In the records below, repeat exactly the lines between the line holding "Cama o camas" and the line holding "Selena Gomez Arriving On A Flight At LAX", inclusive, and drop the pictures.

START PROVIDED MATERIAL

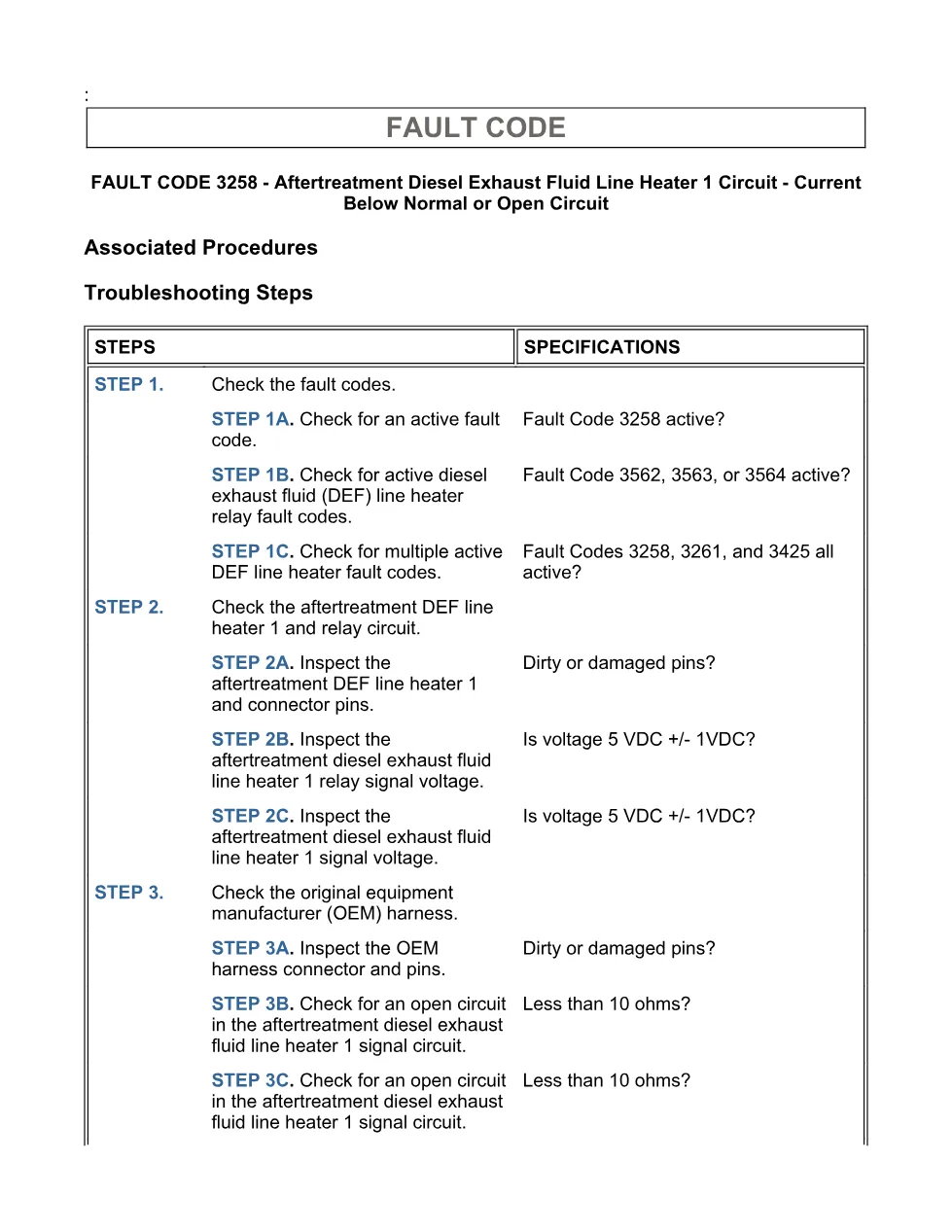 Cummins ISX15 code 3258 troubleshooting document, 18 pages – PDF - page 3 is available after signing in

END PROVIDED MATERIAL
START PROVIDED MATERIAL

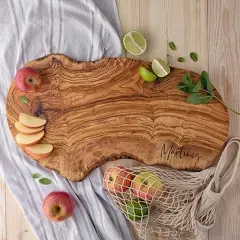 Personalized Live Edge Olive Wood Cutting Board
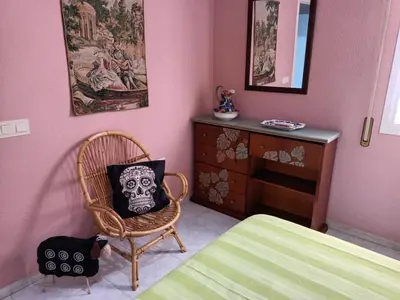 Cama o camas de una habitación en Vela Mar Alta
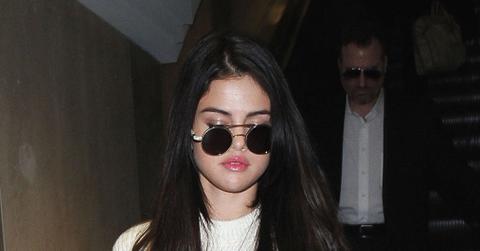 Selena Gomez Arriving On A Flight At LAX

END PROVIDED MATERIAL

RESULT FOR THIS EXERCISE →
 Cama o camas de una habitación en Vela Mar Alta
 Selena Gomez Arriving On A Flight At LAX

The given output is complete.